United Kingdom
- Name: Sir Andrew Snape Hammond
- Namesake: Sir Andrew Hamond, 1st Baronet
- Owner: Various
- Builder: M. Smith, Howrah, Calcutta
- Launched: 1802, or 1803
- Renamed: Udny (or Udney)
- Captured: 1807
- Fate: Wrecked 1824

General characteristics
- Tons burthen: 469, or 46984⁄94, or 480, or 490, or 500 (bm)
- Length: 116 ft 6 in (35.5 m)
- Beam: 30 ft 9 in (9.4 m)

= Sir Andrew Snape Hammond (1802) =

19th century merchant ship

Sir Andrew Snape Hammond was a merchant vessel launched at Calcutta in 1802. By 1807, her name had changed to Udny (or Udney). In 1807, the French captured her, but she eventually returned to non-French ownership and Calcutta registry. She was wrecked in 1824.

==Career==
In 1803, Sir Andrew Snape Hammonds owner was S. Teague.

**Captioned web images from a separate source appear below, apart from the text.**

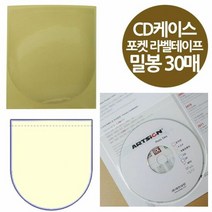 밀봉형 포켓 DVD 라벨테이프 CD케이스 30, 단품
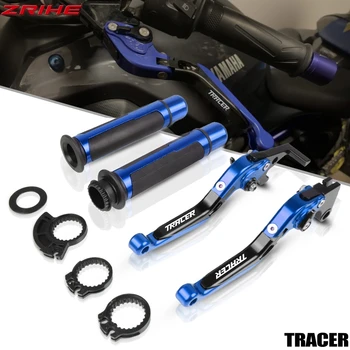 Motorcycle Accessories Brake Clutch Levers And Handle Grips For YAMAHA MT-09 MT09 MT 09 FZ-09 FZ 09 FJ-09 2014-2019 TRACER 900 
Motorcycle Accessories Brake Clutch Levers And Handle Grips For YAMAHA MT-09 MT09 MT 09 FZ-09 FZ 09 FJ-09 2014-2019 TRACER 900
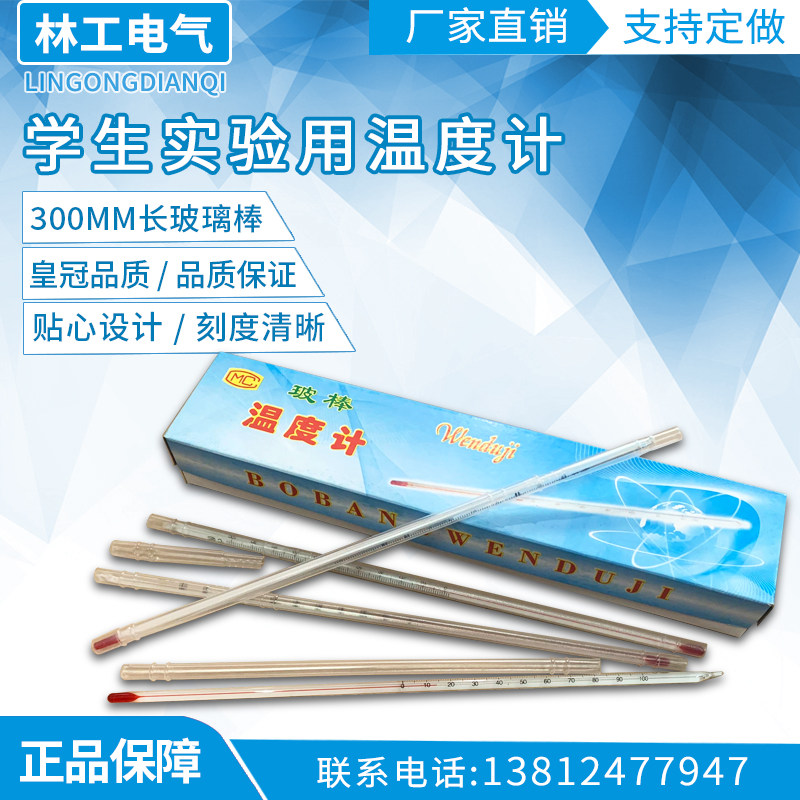 皇冠品质300MM长玻璃棒 温度计红水学生实验用温度计 室内外温度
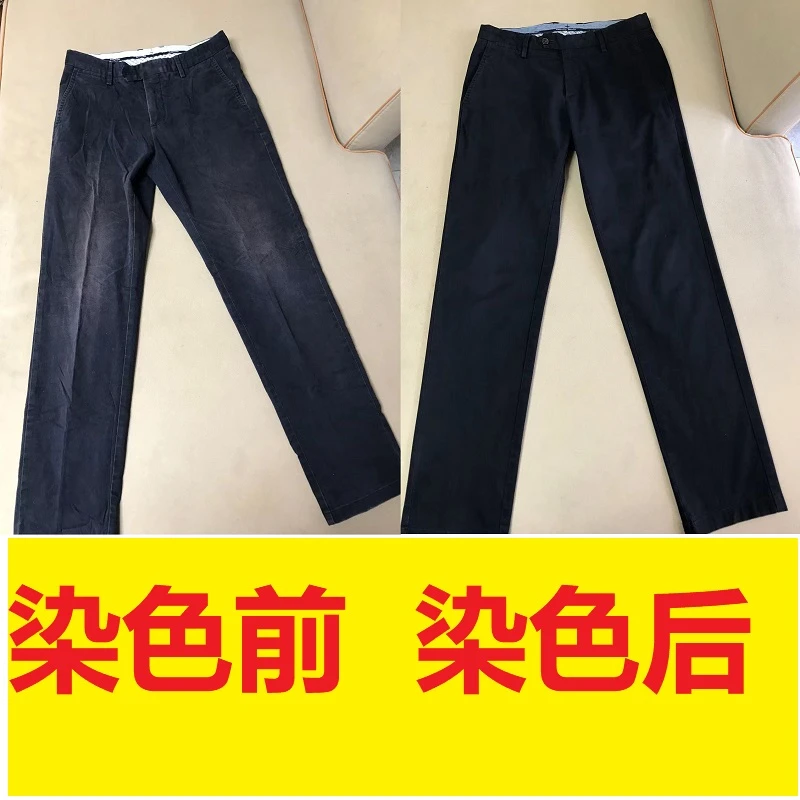 一件代染 黑色衣服染料旧衣翻新免煮棉麻牛仔不掉色染液染色剂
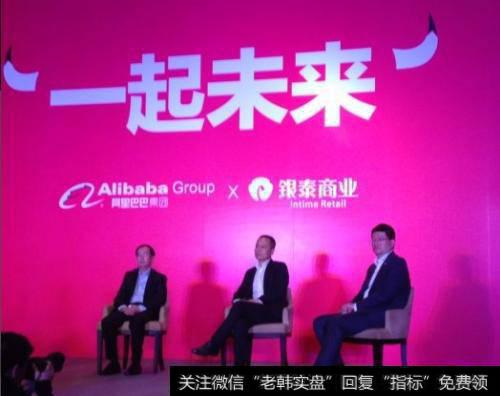 为什么大润发和银泰都说：阿里会让自己成为新零售黑马？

It is not clear when Sir Andrew Snape Hammond was renamed Udny.

The French frigate captured Udny on 2 October 1807. At the time the name of her master was Walteas or Wallis. Udny (or Adny) was carrying a cargo of saltpeter, wine, grain, and 5,625 sacks of rice. The value of the prize was 201,316.54 French francs.

It is not clear how or when Udny returned to Calcutta registry, though it is clear that she did.

| Year | Master | Owner |
|---|---|---|
| 1819 | A. Pelly | Sheik Goulam Hussein |
| 1821 | T. Woody | Sheik Goulam Hussein |

==Loss==
Lloyd's List reported on 17 December 1824, that Udney, Holden, master, had been sighted off Île Bourbon on 29 May 1824, whilst on a voyage from Bengal to London. At the time of the report there had been no further trace, and so she was presumed foundered with the loss of all hands. Actually, Udney, Houlding, master, had wrecked at Inhambane Bay, Mozambique, on her passage from Calcutta and Madras for London.

She had sprung a leak on 15 June, while she was off Natal, but had gotten into Delagoa Bay on the 19th. On the 21st she had been blown out of the Bay, resulting in her wreck on 2 July. Her crew and passengers were saved, and the whaler carried them to Saint Helena. Some pepper and cardamums of Udnys cargo had been saved too. Sixty-five cases of cardamums and 235 bags of pepper were sold at Mozambique for the benefit of the underwriters.